Luego vienen más entrenamientos, más desgaste psicológico: un baño, un hombre grande sentado en un inodoro, un mundo de mierda, una munición de 7.62 milímetros casquillo de cobre que entra por la boca, y luego los restos pequeños del cerebro del hombre grande pegados a una pared.

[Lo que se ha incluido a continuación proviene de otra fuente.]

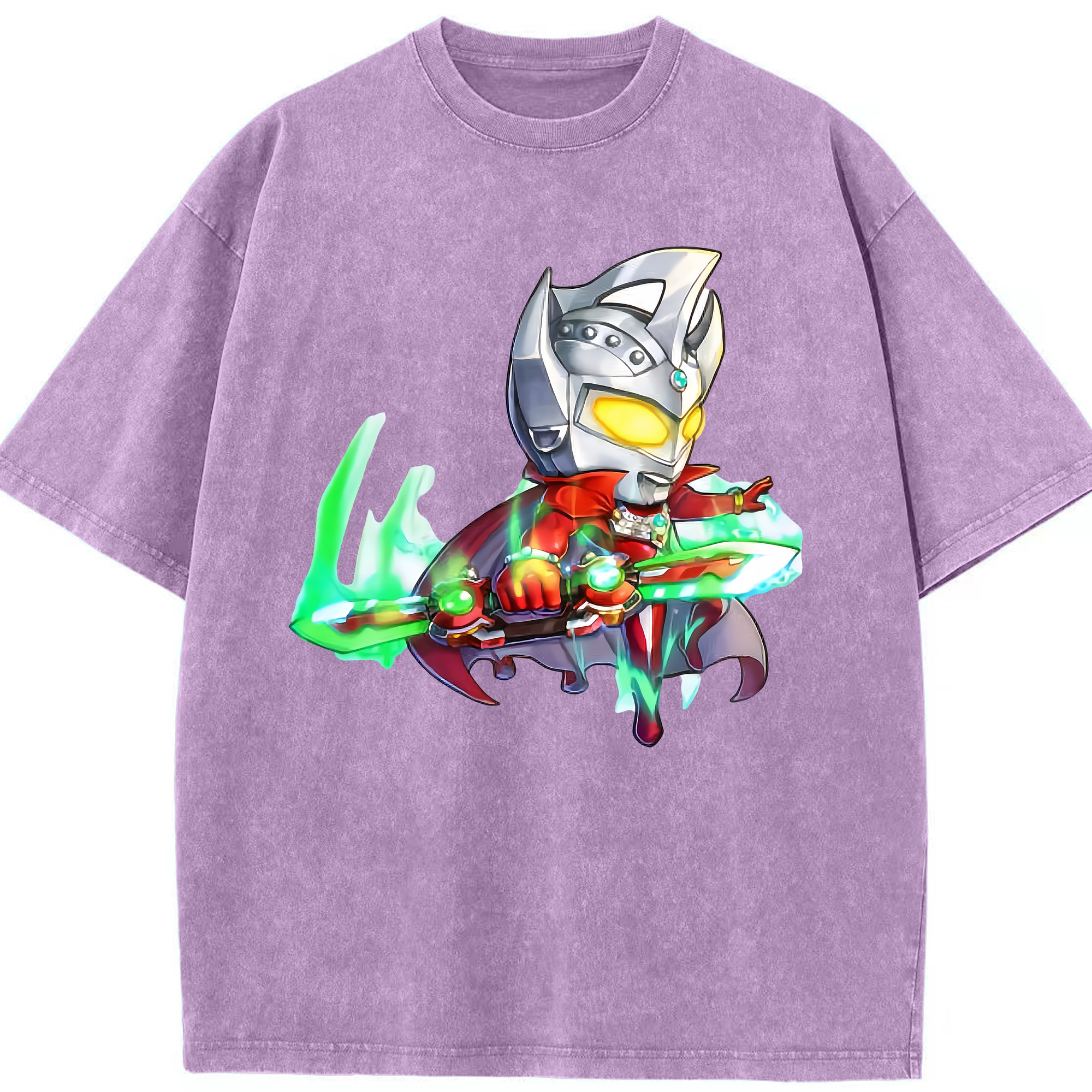（画像用） ウルトラマン Ultraman 綿100% ヴィンテージ風 半袖Tシャツ（フロントプリント）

La guerra viene después.
Esa escena, esa película, el libro y la guerra, las guerras, comparten lo esencial: hay una cosa en la que se convierten los hombres que van a la guerra, y hay una cosa que dejan de ser.
En el libro una madre se lamenta porque su hijo, a quien suponía ya libre de la guerra, mató a un hombre, usó el cuchillo de la cocina antes de que ella le preparara la comida; le dieron quince años de cárcel y ella no entiende por qué dicen que su hijo, el asesino, es un héroe, y cómo aprendió a matar al estilo afgano: “Mi hijo hizo aquí lo mismo que ellos hacían allí. Allí por hacer eso les daban medallas y órdenes… ¿Por qué entonces solo le juzgaron a él? ¿Verdad que no juzgaron a los que les habían enviado allí? ¡A los que le enseñaron a matar! Yo eso no se lo enseñé… [pierde el control y grita]”. Más adelante un comandante de la sección de artillería habla con Alexiévich y le dice, como un niño: “No me gusta recordar. Aunque no sé lo que pasará con todos nosotros, con la generación que ha sobrevivido.